Ivan Maurício tem 63 anos de idade e 47 de jornalismo. Atualmente é responsável pelo portal O Nordeste, que em 2011 recebeu do Ministério da Cultura o Prêmio Patativa do Assaré por sua divulgação da Literatura de Cordel, poetas, violeiros e xilogravuristas.
Sua vida profissional teve início aos 17 anos no Diário da Noite (um jornal da empresa Jornal do Commercio na época), que possuía um estilo popular e abordava questões relativas ao sindicalismo e à vida da cidade. Passou pelo Jornal dos Bairros (mantido pelos movimentos comunitários), Jornal da Cidade, foi correspondente do jornal Opinião (um órgão de resistência à ditadura militar) em 1972; trabalhou no jornal Movimento; no Verso (jornal da imprensa alternativa); no Extra e no Mais Um, que substituiu o Extra depois que ele foi apreendido pelo Exército.
No seu currículo traz ainda experiências em grandes empresas de comunicação como o Jornal do Commercio, Diario de Pernambuco, revista Manchete, O Globo e Vanguarda, de Caruaru. Também esteve ligado a emissoras de rádio, em trabalhos voltados para a defesa de causas populares, e, na televisão, foi diretor da TV Pernambuco.
Ivan faz questão de registrar que desde os 18 anos é filiado ao Sindicato dos Jornalistas de Pernambuco e que até hoje permanece entre os associados da entidade. E conclui, nesta entrevista que concedeu a A Verdade: “A imprensa praticamente faz parte da minha vida”.
A Verdade – Qual a importância da imprensa para a humanidade?

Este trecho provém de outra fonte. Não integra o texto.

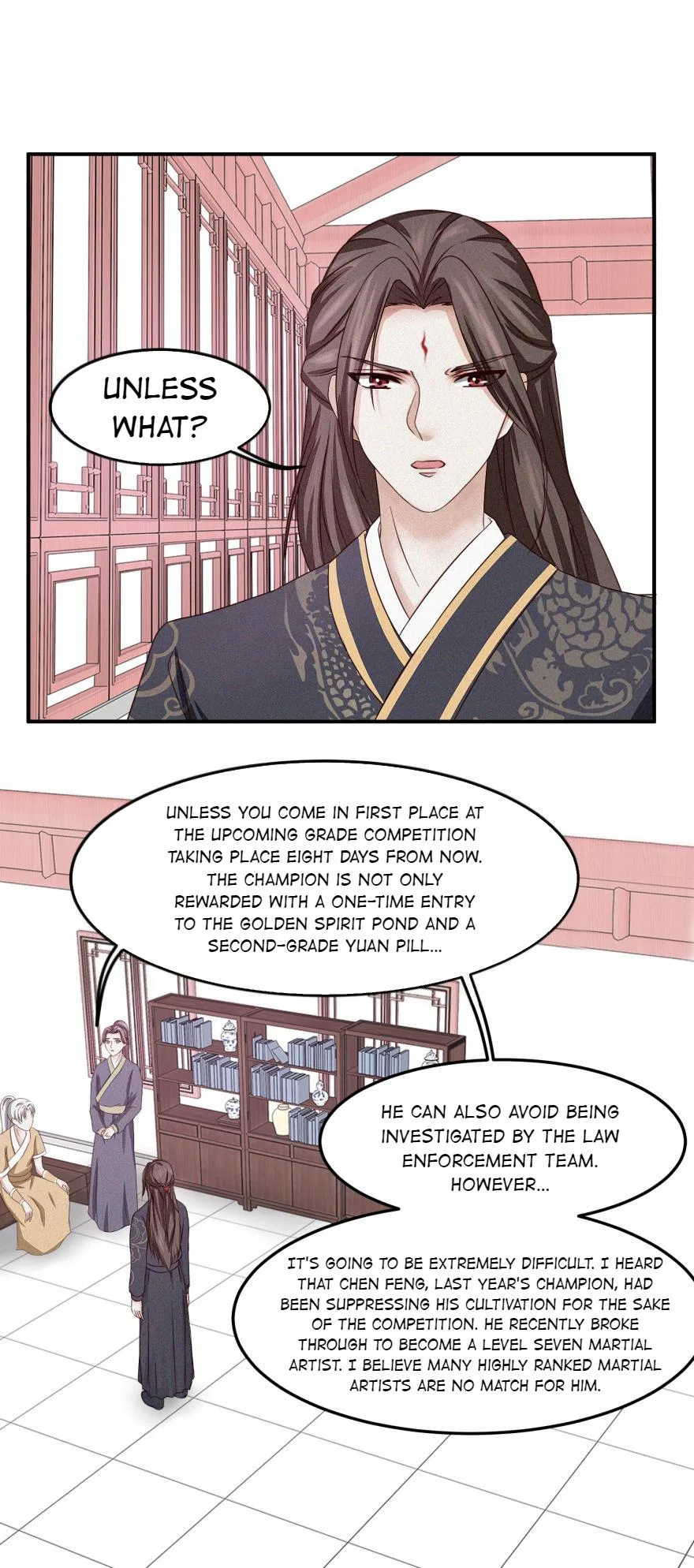 Life Burns For Vengeance Chapter 5 – Page 7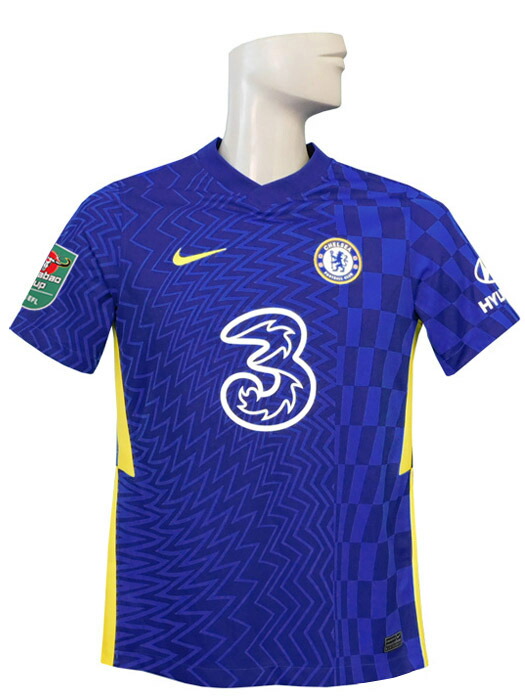 ナイキ Nike 21 22チェルシー Cv78 409 カラバオカップバッジ付 カンテ ホーム 半袖 楽天カード分割 21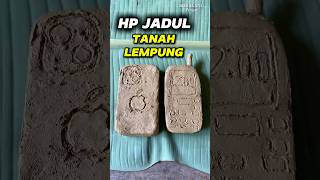 Nostalgia Pengen HP Bikin dari Tanah Lempung Ala Tahun 90an😭 bolang petualangan nostalgia [upl. by Yztim]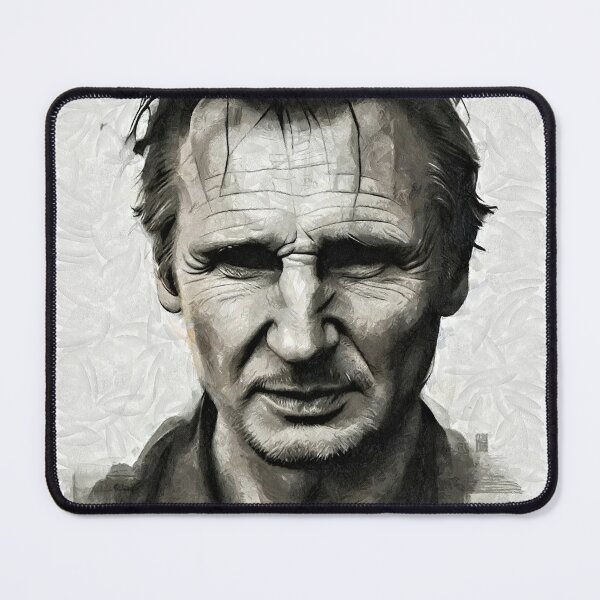 Item preview, sketch of Liam Neeson designed and sold by bogfl.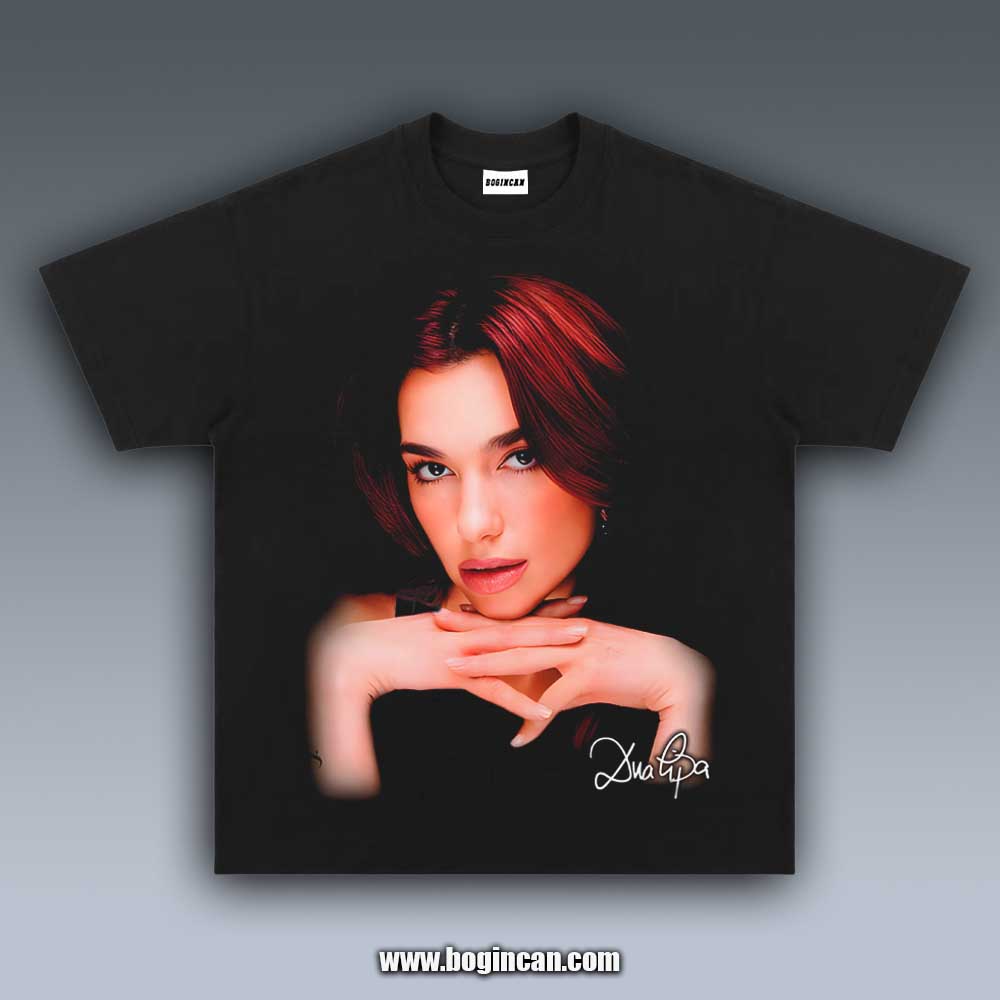 VINTAGE TEE | DUA LIPA FACE 10.22.2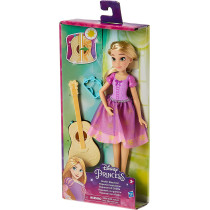DISNEY Princess Everyday Adventures Rockin' Rapunzel Fashion Doll And Color Change Guitar, Toys For Kids 3 And Up, F3379EU6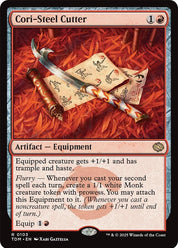 Cori-Steel Cutter - Red/Artifact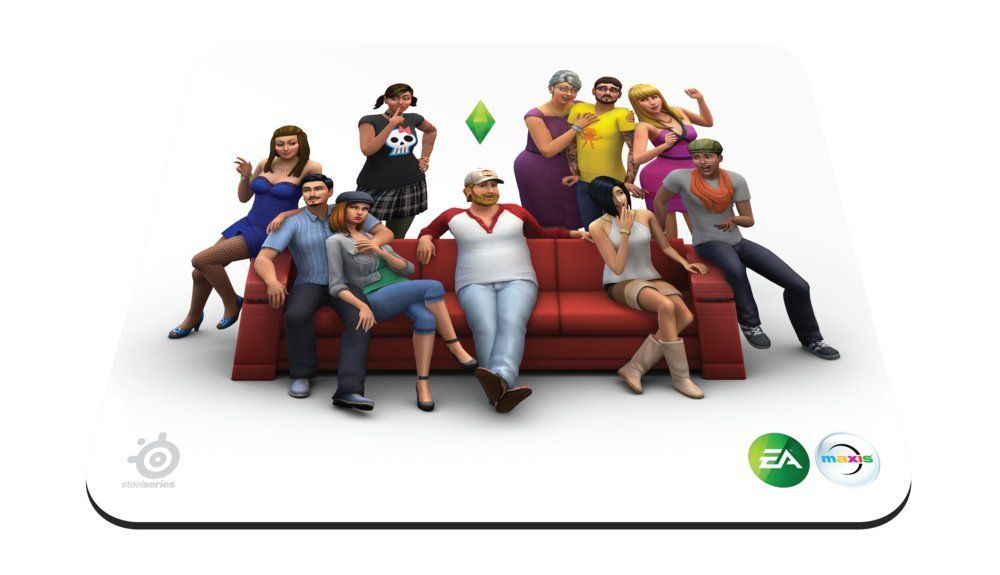SteelSeries The Sims 4 Gaming Mousepad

Ivan Maurício – O domínio da comunicação, da informação, é uma luta permanente da sociedade, do ser humano. Então, não é à toa que esses fatos que a gente está presenciando agora na França [referência ao episódio trágico do jornal humorístico parisiense Charlie Hebdo] envolvem os meios de comunicação. Há uma batalha na difusão da informação que tem um conteúdo político muito forte. Pra você ter uma ideia, antes da tipografia os livros eram manuscritos e eles eram guardados, por exemplo, nos conventos religiosos e a alguns privilegiados era dado o direito de ler. A Bíblia não era lida por todos.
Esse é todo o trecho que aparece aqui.